Compared with the prior art, the invention has the beneficial effects that: the invention is through H₂SO₄、NANO₃、KMNO₄The method comprises the steps of carrying out oxidation treatment on graphite, carrying out mixed reaction on deionized water, hydrogen peroxide solution and solution C at high temperature, carrying out oxidation decomposition on graphene in the graphite, and preparing the graphene-loaded nano silver composite material by a chemical reduction method, so that the antibacterial material is more stable in chemical property and is not easy to generate new substances with bacteria, the service life is prolonged, the preparation method of the antibacterial material is simpler, the working difficulty is reduced, the working efficiency is improved, the reaction time is short, and harmful gas CIO is avoided₂The production of (2) and avoided causing certain influence to environment and staff, the security performance is high, and does benefit to universal use, and each solution adds according to certain proportion at the in-process of preparation to make this kind of preparation method of graphite alkene and nanometer silver composite antibacterial material better to the accuse effect of raw materials, avoid causing the waste of raw materials, thereby the cost is reduced.

Detailed Description

The technical solutions in the embodiments of the present invention will be clearly and completely described below in conjunction with the embodiments of the present invention, and it is obvious that the described embodiments are only a part of the embodiments of the present invention, and not all of the embodiments. All other embodiments, which can be derived by a person skilled in the art from the embodiments given herein without making any creative effort, shall fall within the protection scope of the present invention.

The embodiment provided by the invention comprises the following steps: a preparation method of a graphene and nano-silver composite antibacterial material specifically comprises the following steps:

step 1: oxidizing and stripping graphene in graphite, taking a flask A, and adding H into the flask A₂SO₄The solution was added and a quantity of NANO was added to flask A₃Then fully stirring the mixture by a stirring rod to obtain a mixed solution A;

step 2: introducing graphite while stirring the mixed solution A, and adding a certain amount of KMNO₄Thereby obtaining a mixed solution B;

and step 3: adding deionized water into the mixed solution B, continuously stirring, then placing the flask A on a heater for heating, and heating the solution in the flask A to 100 ℃ to obtain a mixed solution C;

and 4, step 4: adding 30% hydrogen peroxide solution into the mixed solution C, stirring until the mixed solution C is golden yellow, washing the generated solid particles with water, filtering, and drying to obtain graphene oxide;

and 5: taking a flask B again, putting the graphene oxide into the flask B, and ultrasonically stripping the graphite oxide in distilled water for 1 hour until the solution is dark brown to obtain a mixed solution D;

step 6: adding a silver nitrate solution into the mixed solution D, continuing to perform ultrasonic vibration for 40 minutes, heating the mixed solution D through a magnetic stirrer, and then adding a sodium hydroxide solution until the solution is black, so as to obtain a mixed solution E;

and 7: centrifuging the mixed solution E by a centrifuge to separate liquid from solid, thereby obtaining black solid A;

and 8: washing the black solid A with distilled water until the washed liquid becomes neutral, thereby obtaining a black solid B;

and step 9: and then centrifuging, drying and grinding the black solid B to obtain the graphene and nano-silver composite material.

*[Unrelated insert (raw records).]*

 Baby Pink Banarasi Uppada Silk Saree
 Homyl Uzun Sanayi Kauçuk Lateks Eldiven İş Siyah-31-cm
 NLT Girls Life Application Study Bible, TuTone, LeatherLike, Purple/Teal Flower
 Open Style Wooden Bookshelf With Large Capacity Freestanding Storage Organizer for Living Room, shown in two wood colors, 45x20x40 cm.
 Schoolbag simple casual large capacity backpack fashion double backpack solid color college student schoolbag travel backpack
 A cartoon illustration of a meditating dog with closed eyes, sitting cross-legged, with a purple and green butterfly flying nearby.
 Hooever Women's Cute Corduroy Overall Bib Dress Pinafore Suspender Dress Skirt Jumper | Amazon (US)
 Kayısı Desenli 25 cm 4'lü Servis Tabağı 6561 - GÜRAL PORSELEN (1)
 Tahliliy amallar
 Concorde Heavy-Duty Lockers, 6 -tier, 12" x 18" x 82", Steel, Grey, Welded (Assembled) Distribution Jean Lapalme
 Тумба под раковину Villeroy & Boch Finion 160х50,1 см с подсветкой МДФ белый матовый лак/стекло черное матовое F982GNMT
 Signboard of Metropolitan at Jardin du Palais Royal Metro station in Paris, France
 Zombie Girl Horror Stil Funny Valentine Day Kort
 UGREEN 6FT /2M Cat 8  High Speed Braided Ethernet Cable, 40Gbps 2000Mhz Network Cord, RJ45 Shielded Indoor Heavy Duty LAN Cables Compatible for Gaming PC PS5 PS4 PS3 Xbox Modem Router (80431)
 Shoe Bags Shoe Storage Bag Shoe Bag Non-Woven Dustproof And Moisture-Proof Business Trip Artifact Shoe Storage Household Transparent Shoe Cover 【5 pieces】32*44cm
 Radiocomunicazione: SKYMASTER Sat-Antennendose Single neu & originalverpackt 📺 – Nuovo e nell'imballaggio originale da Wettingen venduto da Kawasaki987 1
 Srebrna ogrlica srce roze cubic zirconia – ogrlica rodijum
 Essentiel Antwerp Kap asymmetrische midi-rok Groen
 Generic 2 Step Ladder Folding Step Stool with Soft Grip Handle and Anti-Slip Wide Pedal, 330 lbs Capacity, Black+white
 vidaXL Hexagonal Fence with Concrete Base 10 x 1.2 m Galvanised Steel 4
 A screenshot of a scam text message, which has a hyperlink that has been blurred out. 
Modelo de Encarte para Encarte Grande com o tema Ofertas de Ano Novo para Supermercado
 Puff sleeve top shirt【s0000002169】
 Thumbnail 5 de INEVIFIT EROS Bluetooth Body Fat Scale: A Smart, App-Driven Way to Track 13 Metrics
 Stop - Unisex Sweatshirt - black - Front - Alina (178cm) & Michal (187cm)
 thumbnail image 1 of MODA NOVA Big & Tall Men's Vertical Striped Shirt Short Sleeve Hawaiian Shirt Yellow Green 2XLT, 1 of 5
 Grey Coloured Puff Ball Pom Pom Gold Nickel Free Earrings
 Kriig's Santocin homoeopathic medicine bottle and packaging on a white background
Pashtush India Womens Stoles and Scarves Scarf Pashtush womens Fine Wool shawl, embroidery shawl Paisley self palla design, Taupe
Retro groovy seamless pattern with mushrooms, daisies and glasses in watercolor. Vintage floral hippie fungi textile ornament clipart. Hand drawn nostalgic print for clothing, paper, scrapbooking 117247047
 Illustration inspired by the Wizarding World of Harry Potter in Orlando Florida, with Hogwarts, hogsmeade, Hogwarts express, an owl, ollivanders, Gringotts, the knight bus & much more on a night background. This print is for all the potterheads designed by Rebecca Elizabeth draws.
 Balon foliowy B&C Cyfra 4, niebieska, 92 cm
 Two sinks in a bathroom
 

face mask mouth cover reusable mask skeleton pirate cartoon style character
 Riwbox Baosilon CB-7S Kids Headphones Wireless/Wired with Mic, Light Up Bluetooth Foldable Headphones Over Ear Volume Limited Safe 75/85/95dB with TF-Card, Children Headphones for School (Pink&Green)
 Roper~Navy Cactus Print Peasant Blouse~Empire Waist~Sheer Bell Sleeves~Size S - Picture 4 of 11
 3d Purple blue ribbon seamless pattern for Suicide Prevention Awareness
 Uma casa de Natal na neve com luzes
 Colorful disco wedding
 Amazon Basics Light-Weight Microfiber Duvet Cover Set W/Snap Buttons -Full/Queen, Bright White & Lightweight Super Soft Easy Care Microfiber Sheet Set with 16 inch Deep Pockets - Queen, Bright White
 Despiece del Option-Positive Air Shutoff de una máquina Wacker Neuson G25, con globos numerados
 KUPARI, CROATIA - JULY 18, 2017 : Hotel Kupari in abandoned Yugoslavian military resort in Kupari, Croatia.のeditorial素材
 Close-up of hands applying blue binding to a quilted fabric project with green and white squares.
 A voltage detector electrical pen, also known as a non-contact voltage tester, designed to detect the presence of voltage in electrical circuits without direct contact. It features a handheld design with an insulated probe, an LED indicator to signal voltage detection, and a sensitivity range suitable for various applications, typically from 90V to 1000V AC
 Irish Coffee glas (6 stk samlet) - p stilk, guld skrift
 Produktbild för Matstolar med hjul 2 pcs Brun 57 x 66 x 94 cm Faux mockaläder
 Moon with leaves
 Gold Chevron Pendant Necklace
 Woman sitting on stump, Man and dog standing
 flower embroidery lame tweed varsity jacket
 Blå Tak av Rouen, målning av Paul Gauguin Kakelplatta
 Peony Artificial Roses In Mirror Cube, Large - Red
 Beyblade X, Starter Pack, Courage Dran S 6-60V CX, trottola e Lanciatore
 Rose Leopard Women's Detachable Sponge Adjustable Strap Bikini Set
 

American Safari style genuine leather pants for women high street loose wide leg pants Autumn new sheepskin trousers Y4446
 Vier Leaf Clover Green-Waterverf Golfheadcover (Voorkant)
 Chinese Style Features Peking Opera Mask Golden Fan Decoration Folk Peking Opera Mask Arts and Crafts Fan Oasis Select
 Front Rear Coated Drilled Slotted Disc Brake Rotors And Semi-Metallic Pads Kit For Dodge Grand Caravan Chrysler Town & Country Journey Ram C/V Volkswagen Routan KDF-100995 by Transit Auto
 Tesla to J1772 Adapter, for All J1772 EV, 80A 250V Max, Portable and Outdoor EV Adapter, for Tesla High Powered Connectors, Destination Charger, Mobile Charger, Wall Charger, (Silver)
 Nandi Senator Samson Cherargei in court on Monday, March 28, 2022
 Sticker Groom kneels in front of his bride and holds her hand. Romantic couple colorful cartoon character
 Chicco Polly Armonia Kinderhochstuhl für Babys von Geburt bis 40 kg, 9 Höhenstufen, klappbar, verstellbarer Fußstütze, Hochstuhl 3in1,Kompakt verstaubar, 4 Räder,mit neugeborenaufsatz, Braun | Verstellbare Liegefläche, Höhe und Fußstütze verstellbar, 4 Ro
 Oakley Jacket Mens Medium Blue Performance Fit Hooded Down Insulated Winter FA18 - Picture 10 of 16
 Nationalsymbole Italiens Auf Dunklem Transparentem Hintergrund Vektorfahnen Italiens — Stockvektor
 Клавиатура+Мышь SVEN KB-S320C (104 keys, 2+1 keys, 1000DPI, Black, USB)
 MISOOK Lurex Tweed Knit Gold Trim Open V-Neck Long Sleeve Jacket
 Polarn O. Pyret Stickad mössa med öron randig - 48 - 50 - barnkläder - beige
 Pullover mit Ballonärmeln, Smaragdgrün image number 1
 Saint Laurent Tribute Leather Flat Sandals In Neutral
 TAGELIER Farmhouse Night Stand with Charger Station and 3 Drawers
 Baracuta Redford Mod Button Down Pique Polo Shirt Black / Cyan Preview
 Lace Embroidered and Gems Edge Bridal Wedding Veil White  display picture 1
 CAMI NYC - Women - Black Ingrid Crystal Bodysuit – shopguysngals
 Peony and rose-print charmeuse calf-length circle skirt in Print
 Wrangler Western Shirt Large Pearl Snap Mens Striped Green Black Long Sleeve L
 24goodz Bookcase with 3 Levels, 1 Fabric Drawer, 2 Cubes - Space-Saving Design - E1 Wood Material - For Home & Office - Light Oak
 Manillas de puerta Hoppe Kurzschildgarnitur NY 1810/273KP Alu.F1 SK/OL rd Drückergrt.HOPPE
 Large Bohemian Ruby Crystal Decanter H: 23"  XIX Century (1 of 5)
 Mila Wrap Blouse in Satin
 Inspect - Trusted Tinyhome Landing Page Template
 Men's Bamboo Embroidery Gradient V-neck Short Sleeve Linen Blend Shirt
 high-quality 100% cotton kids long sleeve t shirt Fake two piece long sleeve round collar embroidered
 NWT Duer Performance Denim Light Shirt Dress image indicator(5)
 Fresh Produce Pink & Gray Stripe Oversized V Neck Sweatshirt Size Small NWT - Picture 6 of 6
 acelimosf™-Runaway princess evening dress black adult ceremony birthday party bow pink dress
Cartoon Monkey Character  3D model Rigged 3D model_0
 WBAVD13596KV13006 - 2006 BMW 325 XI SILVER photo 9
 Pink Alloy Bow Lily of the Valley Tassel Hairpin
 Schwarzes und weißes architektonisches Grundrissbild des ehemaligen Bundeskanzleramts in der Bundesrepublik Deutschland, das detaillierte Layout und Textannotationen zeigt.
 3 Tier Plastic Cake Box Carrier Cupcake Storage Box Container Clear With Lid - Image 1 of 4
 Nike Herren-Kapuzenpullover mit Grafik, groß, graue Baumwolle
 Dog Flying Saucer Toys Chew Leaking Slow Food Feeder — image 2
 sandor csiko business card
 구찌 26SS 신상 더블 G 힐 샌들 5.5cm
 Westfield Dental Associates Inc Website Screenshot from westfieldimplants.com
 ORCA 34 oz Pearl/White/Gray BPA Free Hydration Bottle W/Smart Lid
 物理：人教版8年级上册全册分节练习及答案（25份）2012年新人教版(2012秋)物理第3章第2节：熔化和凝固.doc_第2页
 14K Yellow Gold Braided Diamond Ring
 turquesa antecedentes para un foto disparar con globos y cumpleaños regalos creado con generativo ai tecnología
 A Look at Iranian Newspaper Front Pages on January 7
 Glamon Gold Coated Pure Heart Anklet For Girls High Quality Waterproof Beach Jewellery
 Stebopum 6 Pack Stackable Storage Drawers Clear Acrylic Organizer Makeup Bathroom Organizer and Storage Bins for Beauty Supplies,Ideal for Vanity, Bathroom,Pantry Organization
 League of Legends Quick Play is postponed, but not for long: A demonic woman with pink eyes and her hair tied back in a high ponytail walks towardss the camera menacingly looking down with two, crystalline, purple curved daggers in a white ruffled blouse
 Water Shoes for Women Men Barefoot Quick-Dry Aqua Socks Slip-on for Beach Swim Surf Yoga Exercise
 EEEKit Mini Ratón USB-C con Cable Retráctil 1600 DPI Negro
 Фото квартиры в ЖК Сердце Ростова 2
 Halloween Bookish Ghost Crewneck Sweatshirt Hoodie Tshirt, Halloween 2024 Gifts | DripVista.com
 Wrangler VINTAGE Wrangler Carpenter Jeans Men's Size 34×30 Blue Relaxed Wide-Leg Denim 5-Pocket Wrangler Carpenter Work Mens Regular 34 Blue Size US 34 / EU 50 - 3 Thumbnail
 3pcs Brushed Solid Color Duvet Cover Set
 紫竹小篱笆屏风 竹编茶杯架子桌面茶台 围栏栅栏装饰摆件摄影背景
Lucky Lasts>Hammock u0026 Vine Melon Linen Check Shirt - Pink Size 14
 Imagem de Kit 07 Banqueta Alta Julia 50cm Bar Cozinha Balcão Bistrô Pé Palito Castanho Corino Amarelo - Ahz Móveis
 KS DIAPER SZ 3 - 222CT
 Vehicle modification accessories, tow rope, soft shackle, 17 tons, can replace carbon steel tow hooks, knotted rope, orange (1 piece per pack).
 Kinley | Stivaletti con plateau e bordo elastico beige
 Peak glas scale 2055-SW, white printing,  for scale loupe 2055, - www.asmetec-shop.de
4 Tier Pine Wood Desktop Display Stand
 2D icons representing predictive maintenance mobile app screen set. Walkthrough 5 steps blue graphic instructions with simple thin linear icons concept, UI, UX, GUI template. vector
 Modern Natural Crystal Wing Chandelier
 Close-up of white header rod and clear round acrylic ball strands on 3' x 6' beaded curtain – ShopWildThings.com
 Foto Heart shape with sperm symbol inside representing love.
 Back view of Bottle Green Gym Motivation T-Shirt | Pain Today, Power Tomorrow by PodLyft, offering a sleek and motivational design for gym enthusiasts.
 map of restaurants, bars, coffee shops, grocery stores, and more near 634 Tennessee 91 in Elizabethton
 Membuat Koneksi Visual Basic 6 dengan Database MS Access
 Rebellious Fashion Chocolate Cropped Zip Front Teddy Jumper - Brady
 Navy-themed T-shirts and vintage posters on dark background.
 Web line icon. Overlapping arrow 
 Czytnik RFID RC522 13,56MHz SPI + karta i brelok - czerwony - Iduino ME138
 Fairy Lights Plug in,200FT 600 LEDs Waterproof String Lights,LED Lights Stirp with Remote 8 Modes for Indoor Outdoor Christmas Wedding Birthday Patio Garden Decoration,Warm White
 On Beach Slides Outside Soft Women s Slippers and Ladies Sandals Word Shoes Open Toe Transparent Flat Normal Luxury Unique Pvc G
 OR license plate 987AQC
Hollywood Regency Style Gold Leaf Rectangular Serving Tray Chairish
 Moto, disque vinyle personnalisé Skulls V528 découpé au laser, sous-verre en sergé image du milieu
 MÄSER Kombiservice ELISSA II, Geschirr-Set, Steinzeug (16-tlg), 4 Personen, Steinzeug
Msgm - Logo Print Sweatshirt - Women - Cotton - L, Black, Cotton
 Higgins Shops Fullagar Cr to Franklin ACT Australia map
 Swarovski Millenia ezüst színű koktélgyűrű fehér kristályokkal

Hair brushMingdong graphite powder and anhydrous NANO₃Adding into concentrated sulfuric acid, adding KMNO under strong stirring₄And reducing the residual potassium permanganate and MNO by hydrogen peroxide₂Rendering the gas colorless, MNSO₄Under the treatment of hydrogen peroxide, the suspension is bright yellow, and then is filtered, cleaned and dried to obtain the graphene oxide₂The safety performance is high, and the universal use is facilitated.